“…with economic problems mounting, the Democrats have said they will move quickly to try to pass a fiscal rescue package.

“They had hoped to have it ready for Mr Obama to sign into law when he takes office but now admit it will not be ready until mid-February.”

The 800 billion rescue packages is pure economic stimulation. A transfer of wealth back into the economic machine to move it along a few more stages more quickly. If it saves people from mortgage foreclosure until the bright sunshine of recover occurs – then that is good for that time and what it prevents rather than it being, in the long term, all that different.

Economic stimulation is a 180 degree reversal from the cold logic of monetary policy. Continued market speculation inflated expectations but the average person could only see property as a path to financial wealth and independence. It would have been but for two immutable facts:

a) in itself property is a fairly static kind of investment, unless you are building on land or developing, but it is a one off exchange (that may support a continuous exchange). The investment in the property development is therefore an action of trade, rather than investment. It is buying and selling, not profit loss but asset accumulation. Some property investment is good for the economy, but when everyone is doing that to the exclusion of other parts of the economy, then the whole thing will fall apart. Private property as investment is the dominant form of investment in New Zealand. It has become a truism that owning property makes you rich. Now it doesn’t?
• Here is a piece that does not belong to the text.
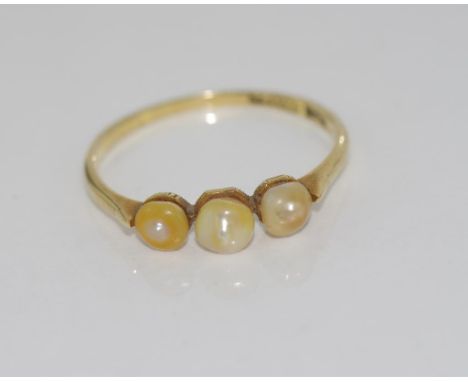 15ct yellow gold ring with faux pearls weight: 1.9 grams, size: R/8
b) excess property availability leads to a depreciating market.

These two facts are very present in the Auckand property market. It is also more inflated than other markets. Yes, of course it will recover, so if there is no pressing need to sell your property, enjoy the low interest rates and use the new money to buy things to help make you more able to be productive and relaxed. Then work as hard as possible adding new income streams to what you have if possible so you never get into a tough choice.

My old accountant wrote a comprehensive article – real hard hitting common sense about communities. Read it here.
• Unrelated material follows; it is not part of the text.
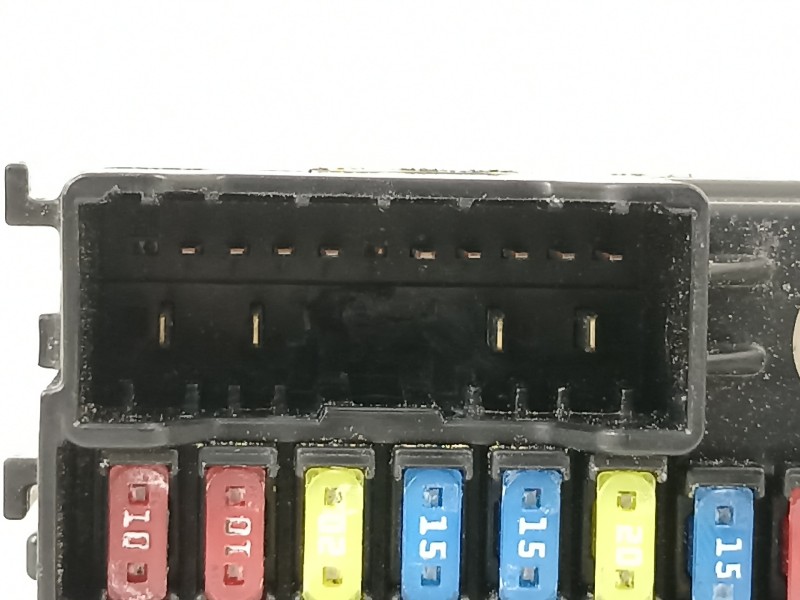 Recambio de caja reles / fusibles para hyundai kona klass hybrid 2wd referencia OEM IAM 91959CM010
Getting back to the rescue package. As the financial industry has been rescued by tax payer loans; the tax payer will ultimately benefit. In the short term however, they still have to go to their banks and ask for loans to cover their heavy commitments. The economy has been running on consumption (of largely Chinese imports). Obama’s natural instincts will be to say “buy American” (rather than impose tarrifs) on one hand and providing the oil so that the natural urge to sure up the mortgage payments (providing the banking system with capital) is offset by the expectation of the average person who is getting more minimal interest on their mortgage putting more cash into their hands. The excess funds will be absorbed by the pressure of the serious credit card debt problem accumulated during the good times when it was easy to keep the credit cards fed.

Therefore liquidity is still missing from the system. The 800 Billion stimulus package most likely will keep small business alive by allowing a buffer gap for many, and then his tax cuts will keep their spending habit ticking along, at that stage his “buy American” patriotic note will mean that China will no longer control US import/consumption.
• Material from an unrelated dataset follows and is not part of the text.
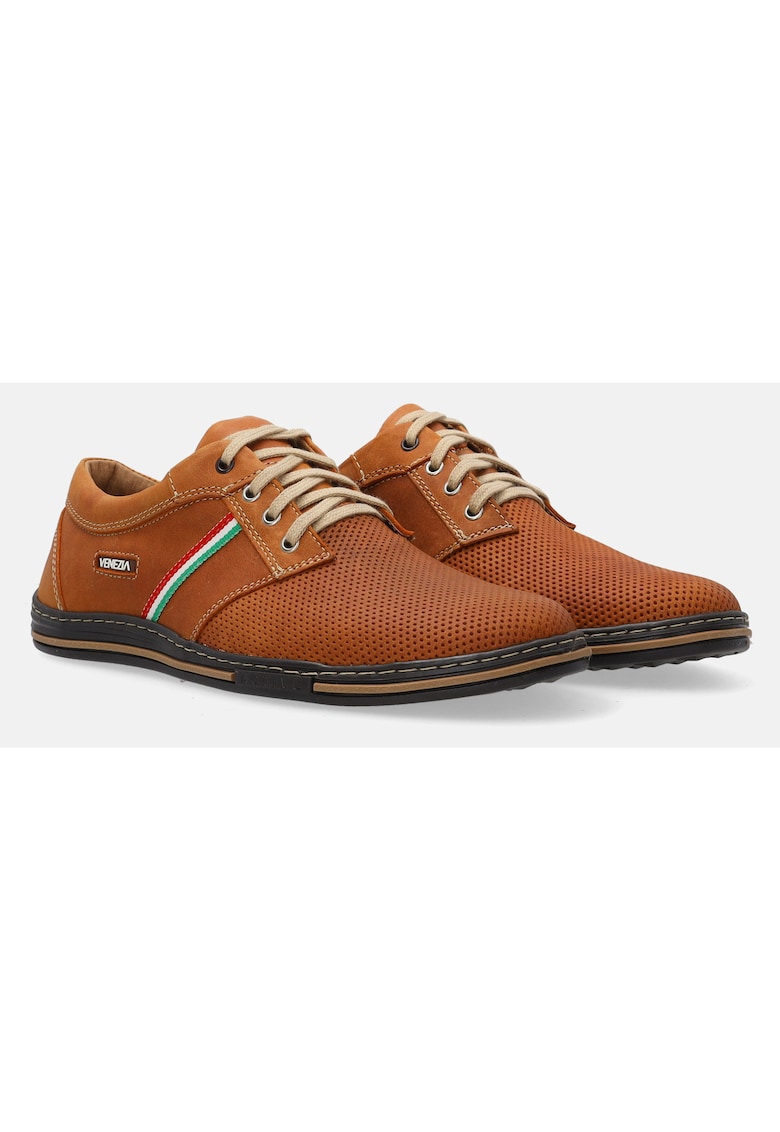 Pantofi din piele nabuc cu perforatii discrete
Therefore it is the end of economic appeasement for the current Chinese empire. It will have to find another way to put its huge population to work. Cheap technology is so available in China, If Obama is able to continue to support that to some degree then America will continue to benefit from it.

For the South Pacific the future is now filled with a faint glimmer that at least the world will be led in an effort to avert climate change before their homelands are absorbed by rising seas. It may start happening while Obama is in the White House.